The dimethyl sulfoxide-d₆, chromium acetylacetonate, 2-chloro-4,4,5,5-tetramethyl-1,3,2-dioxaphospholane (TMDP), pyridine, chloroform-d₁, and tetrahydrofuran were purchased from Sigma-Aldrich (St. Louis, MO, USA) and used in this study without further purification. Isolation of lignin was completed from commercial softwood kraft pulping (Ben and Ragauskas 2012). Two types of zeolites (CBV 720 and CBV 21A) were purchased from Zeolyst, Inc. (Kansas City, KS, USA).

Methods

Lignin separation and purification

Commercial softwood kraft pulping liquor was used as a raw material for the isolation of lignin by following published methods (Ben and Ragauskas 2012). To remove insoluble particles, the cooking liquor was first filtered by filter paper, and then ethylenediaminetetraacetic acid disodium salt (EDTA-2Na⁺, 0.50 g/100.00 mL liquor) was added to the filtrate with continuous stirring for 1 h. The pH of the liquor was maintained at 6.0 via addition of 2.0 M H₂SO₄ and stirred vigorously for 1 h. Then, the liquors were acidified further to a pH of 3.0 and frozen at -20 °C. At that time precipitation took place, and after melting, the precipitates (PPTs) were stored on a sintered glass funnel, for transferring the PPTs in the water. The PPTs were washed thoroughly with cold water (three times) and agitated vigorously at 0 °C for 1 h. The PPTs were collected and they were air-dried for Soxhlet extraction in the presence of pentane for 24 h to remove resin. The resulting solid product was air-dried at first, and it was further dried in high vacuum at 45 °C for 48 h. Then, the purified kraft lignin sample was stored at -5 °C until further use.

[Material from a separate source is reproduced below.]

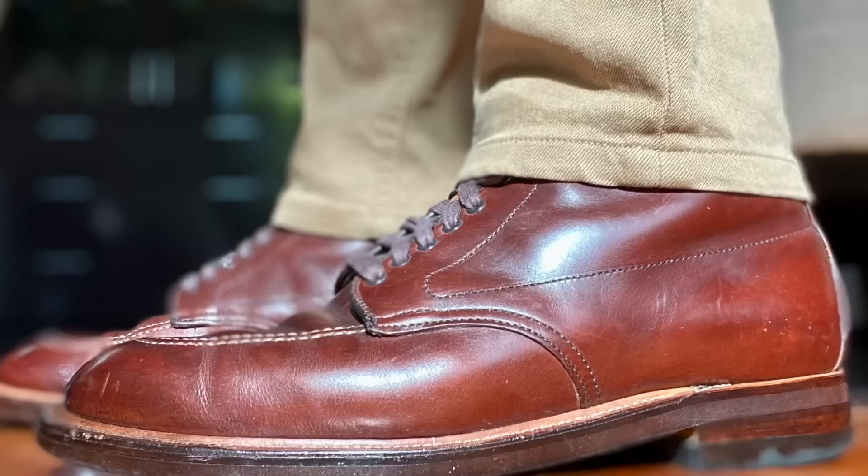I don't gamble, but a friend of mine tells me if you bet on a winning trifecta, you win big. Well, every now and then when you talk classics, you have to win big with this trifecta from Red Wing: the Iron Ranger, the Blacksmith, and the Classic Moc Toe. Stick around and I'll tell you about them.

Preparation of pyrolysis sample

Pyrolysis samples were prepared by thoroughly stirring a mixture of kraft lignin (L) and zeolites with a 1:1 weight ratio. Before using, the zeolites were pre-activated in a pyrolysis tube under N₂ for 6 h at 500 °C. In this manuscript, the individual Y, M zeolites, and combined ‘Y + M’ sample, were used as catalysts. For comparison of pyrolysis a blank lignin sample (without zeolites) was also prepared. Equal amount of Y and M zeolite were mixed thoroughly to prepare the combination of ‘Y+M’ sample. A 1:1 weight ratio of the Y, M, and combined ‘Y + M’ sample was maintained.

Pyrolysis of lignin

For conducting pyrolysis experiments, a quartz pyrolysis tube was used that was heated in a split tube furnace (Ben and Ragauskas 2011b). In general, 6.0 g of sample was used for pyrolysis. Samples were placed into a quartz sample boat that was centered in a pre-heated pyrolysis tube. A thermocouple was dipped in the powder sample to assess the heating rate during pyrolysis. The furnace was pre-heated to 600 °C, and the pyrolysis tube was inserted into the furnace after flushing with N₂ at a flow rate of 500 mL/min. Two condensers were plunged in liquid N₂ so that the outflow directly passed through the condensers. When the pyrolysis was completed, the pyrolysis tube was removed from the furnace and left to cool at normal temperature with continuous N₂ flow. Then, the condensers were removed from liquid N₂ and the pyrolysis products (oil and char) were collected for analysis.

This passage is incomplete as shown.